South Sudanese Bishop gets UN Peace Prize

5 Mar 2013

South Sudanese Bishop gets UN Peace Prize

1 March 2013 - Recognizing his sizable contribution to peace in South Sudan, Secretary-General Ban Ki-moon awarded Bishop Emeritus Paride Taban a peace prize in Geneva today.

"I am proud to add my congratulations to tonight's award winner, Bishop Taban, for his work to promote interfaith and inter-ethnic understanding in Sudan," the Secretary-General said during the ceremony.

The Sergio Vieira de Mello Annual Prize acknowledges the bishop's efforts to promote mediation, reconciliation and dialogue among tribes in his Torit Diocese area, making it possible for them to live peacefully together in the Holy Trinity Peace Village of Kuron.

The prize is awarded each year to an individual, community or institution that has made an exceptional effort to reconcile groups in conflict, which can be duplicated elsewhere in the world to alleviate human suffering.

The award is given in memory of Sergio Vieria de Mello, a former Special Representative of the Secretary-General in Iraq, who was killed with 21 other humanitarians in the bombing of UN headquarters in Baghdad on 19 August 2003. The UN General Assembly has since designated the day as the World Humanitarian Day.

According to the Pax Christi International website, Bishop Taban said he had heard "southerners talking against one another" during the civil war in what was then known as Sudan.

"This gave me the incentive to retire from being a diocesan bishop to found a peace village," he said. "People fight against themselves because they are traumatized."

The idea to start a peace village came into his mind after visiting similar projects in Israel and Germany, where people from different religious communities were living together in harmony, he added. With this inspiration, he requested the Vatican for early retirement.

In 1999, the Bishop began a demonstration farm near Kuron River in Eastern Equatoria, where local communities who had been fighting over cattle were trained to grow fast-maturing crops. The main purpose of introducing agriculture was to promote food production among a people who were predominantly pastoral communities, the Pax Christi website noted.

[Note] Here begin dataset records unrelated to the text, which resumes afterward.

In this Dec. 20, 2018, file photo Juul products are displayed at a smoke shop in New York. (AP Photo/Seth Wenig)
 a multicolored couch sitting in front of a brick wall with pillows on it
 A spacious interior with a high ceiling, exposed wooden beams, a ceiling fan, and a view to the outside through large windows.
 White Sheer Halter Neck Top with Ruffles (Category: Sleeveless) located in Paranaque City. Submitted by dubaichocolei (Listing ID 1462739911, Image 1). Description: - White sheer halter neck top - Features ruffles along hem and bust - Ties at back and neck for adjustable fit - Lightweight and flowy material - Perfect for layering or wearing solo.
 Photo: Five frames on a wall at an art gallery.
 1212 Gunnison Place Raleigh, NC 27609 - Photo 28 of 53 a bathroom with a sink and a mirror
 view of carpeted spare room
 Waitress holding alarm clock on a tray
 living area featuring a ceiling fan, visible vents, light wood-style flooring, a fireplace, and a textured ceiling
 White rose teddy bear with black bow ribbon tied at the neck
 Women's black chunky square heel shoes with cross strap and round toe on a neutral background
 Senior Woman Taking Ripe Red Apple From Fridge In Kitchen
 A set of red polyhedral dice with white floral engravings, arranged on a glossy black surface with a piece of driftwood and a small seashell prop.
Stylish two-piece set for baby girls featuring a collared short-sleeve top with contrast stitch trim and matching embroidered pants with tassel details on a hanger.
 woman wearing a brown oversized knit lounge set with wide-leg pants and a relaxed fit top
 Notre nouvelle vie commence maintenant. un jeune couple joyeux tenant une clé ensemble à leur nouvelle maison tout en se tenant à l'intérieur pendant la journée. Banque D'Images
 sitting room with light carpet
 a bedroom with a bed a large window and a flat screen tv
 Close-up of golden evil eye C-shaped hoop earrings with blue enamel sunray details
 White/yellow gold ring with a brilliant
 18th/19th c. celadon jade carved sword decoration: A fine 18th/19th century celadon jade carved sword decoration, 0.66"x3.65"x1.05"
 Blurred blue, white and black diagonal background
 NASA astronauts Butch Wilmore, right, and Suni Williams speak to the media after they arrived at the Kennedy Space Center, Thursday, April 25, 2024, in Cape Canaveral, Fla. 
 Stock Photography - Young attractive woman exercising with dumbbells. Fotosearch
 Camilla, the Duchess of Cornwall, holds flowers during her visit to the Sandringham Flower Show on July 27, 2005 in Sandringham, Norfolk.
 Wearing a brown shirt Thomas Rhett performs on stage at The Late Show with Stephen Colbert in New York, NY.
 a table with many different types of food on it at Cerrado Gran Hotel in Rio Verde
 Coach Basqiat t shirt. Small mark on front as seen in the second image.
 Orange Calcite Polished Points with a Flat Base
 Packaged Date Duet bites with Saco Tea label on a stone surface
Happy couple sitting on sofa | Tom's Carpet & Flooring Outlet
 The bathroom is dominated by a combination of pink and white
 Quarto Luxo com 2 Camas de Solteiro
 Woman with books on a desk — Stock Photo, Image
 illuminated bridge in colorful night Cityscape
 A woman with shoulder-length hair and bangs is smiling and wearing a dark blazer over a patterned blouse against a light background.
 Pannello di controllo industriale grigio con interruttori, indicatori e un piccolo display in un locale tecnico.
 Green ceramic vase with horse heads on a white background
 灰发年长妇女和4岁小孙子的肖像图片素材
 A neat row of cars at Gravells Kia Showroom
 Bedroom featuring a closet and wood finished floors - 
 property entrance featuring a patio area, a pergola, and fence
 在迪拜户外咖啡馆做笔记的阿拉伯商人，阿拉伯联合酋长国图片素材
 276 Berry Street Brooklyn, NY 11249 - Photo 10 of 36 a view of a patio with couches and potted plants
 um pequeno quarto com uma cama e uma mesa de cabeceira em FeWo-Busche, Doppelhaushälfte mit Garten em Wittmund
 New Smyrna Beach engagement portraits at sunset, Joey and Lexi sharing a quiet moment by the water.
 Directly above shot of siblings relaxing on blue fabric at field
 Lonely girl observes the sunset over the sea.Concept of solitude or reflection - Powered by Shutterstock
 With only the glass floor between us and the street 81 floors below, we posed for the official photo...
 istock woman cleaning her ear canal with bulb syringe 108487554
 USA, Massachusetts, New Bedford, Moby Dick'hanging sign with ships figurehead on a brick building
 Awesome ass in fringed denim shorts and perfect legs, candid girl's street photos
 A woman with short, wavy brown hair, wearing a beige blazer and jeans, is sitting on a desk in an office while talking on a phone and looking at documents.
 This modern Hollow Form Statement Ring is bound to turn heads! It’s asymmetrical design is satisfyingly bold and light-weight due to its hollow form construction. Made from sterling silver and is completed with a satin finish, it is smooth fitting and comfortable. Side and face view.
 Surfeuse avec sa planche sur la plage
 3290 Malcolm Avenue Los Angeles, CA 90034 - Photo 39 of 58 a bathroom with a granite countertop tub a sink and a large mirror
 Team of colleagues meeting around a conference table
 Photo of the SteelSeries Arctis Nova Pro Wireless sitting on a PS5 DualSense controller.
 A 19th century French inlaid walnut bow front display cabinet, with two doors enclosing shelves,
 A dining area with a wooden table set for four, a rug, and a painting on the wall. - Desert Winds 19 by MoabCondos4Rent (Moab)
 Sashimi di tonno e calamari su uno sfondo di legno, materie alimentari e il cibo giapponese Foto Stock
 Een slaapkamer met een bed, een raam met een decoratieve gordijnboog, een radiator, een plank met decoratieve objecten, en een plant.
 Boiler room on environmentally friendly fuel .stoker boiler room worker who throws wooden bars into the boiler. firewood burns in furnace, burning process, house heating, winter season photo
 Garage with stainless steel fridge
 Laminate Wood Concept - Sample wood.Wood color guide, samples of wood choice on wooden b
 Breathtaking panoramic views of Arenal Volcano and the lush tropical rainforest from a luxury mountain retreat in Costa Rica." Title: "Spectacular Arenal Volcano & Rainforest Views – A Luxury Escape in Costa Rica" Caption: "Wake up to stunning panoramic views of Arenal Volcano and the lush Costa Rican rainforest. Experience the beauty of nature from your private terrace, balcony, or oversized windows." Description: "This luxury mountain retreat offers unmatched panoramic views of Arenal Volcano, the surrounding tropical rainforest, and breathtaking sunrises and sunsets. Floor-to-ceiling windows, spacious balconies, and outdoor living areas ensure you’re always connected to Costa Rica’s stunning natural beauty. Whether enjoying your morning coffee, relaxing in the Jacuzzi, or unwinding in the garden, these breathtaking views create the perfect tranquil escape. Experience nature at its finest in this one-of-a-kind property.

"It was hoped that once these communities embraced farming, conflicts that had been a problem between them would eventually be reduced...," said the website.

In 2000, Dutch military engineers assisted the bishop to build a bridge across the river. Some 81 families from different ethnic groups settled around the bridge to protect it. The bishop used the opportunity to develop Holy Trinity Peace Village.

The Vatican granted the bishop's retirement request in 2004 and he registered the village as a non-governmental organization in 2005.

According to the website, people from different faiths – Christian, Muslim, Catholic, Pentecostal and Adventists – live together in this "small village", which focuses on their socio-economic development.